The original target of the project, thus the name of the "EPBAS". IS-BASIC programs are dumped however currently there is no perfect match with "real" printing (on the EP) as spaces used are different. It's on my to-do list.

"Multiple" BASIC programs type is not supported as I don't know what the hell they are, and also I haven't got any example to work with :(

IS-FORTH

IS-FORTH mode is currently experimental. Also, this was not tested too much yet.

If you examine an IS-FORTH program with syntax highlithing more closely, you will notice that almost everything is "red". That colour is used to show words which are part of the VLIST. It's not a mistake that eg number of 3 is red, but eg 99 is blue (numeric constant). It's because 3 is defined as FORTH word ... The standard words defined were extracted from IS-FORTH directly. Defined (or redefined) words will be also red, they are tracked. Do not be surprised as in forth almost everything is just a defined word.

Also, encoding strings seems to be "odd" at first, ie string needs a space at the beginning which is not part of the string. This is also not a mistake, it's because quotion mark is a FORTH word, and you need a separator so FORTH can recognize.
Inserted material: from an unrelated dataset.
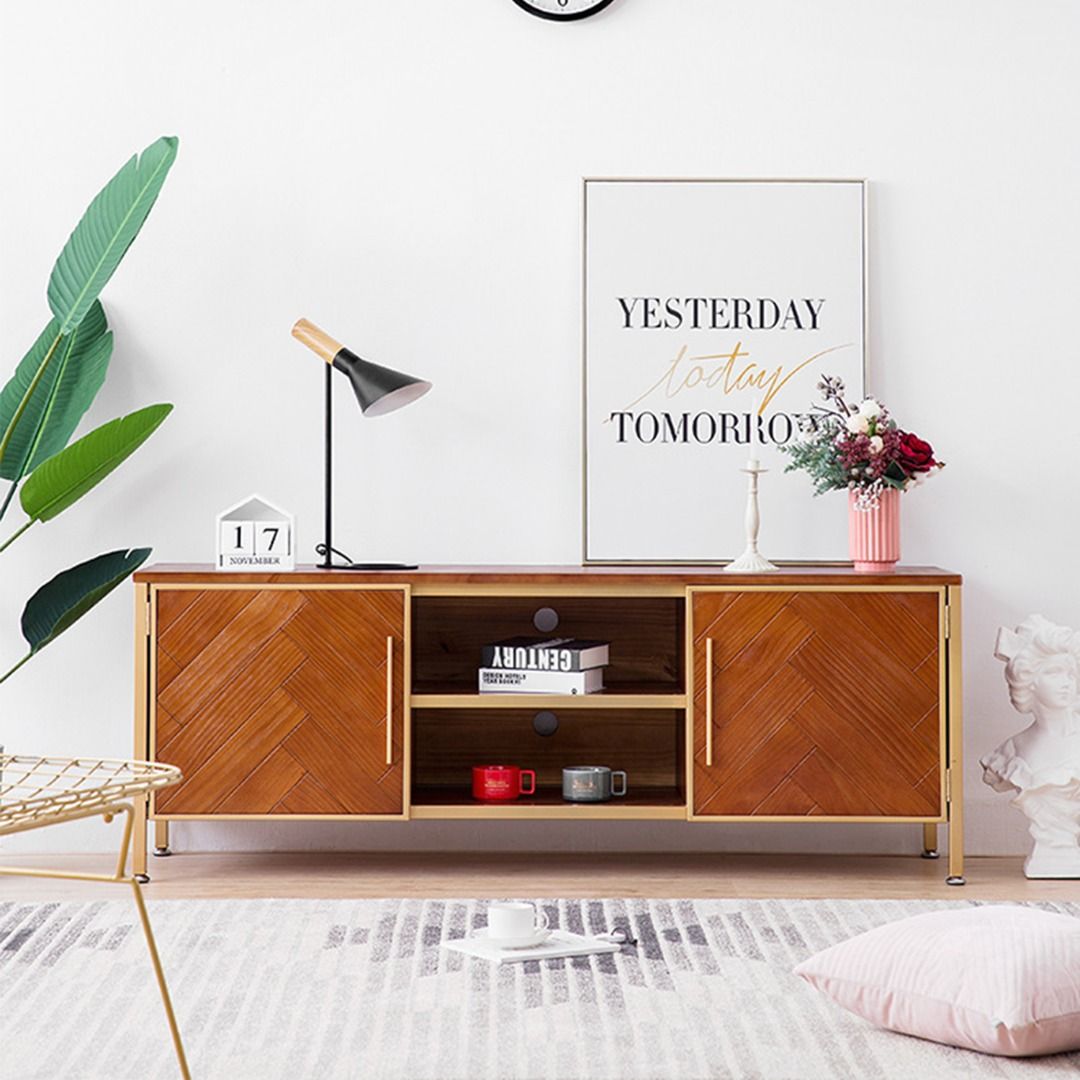 Presenthem Herringbone TV Console, Furniture & Home Living, Furniture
ABSOLUTE SYSTEM EXTENSIONS

Absolute system extensions type (type code 6) is handled, however the current support is very same as with "new application program" (type 5) only the load/start addresss is different (0xC00A instead of 0x0100). The very same rules apply, ie hex dump without -dasm, and disassembly mode when used with that switch.

DISASSEMBLER

The disassembler tries to be intelingent, it's an iterating, two pass disassembler written by me. In the first pass, code flow is tried to follow, with doing iteration at every point where program flow can result in multiple choices for the next PC value, ie conditional jumps or RETs. The result in the first pass is stored only as "code hints" which created a map in the in-core memory image about memory locations containing opcodes. All other memory locations are treated as data then. In the second pass the actual output is generated by walking though the code hint points array. In case of hit, the actual opcode will be disassembled. Other locations are presented with data declarations. Another feature is the data hint array. On each opcode which would read/write memory locations, data hint is filled for that address. On data mode dump, more data is tried to dump in one line if there is no more data hint hit inside it. If data is detected to be STD ASCII, ASCII mode dump is done.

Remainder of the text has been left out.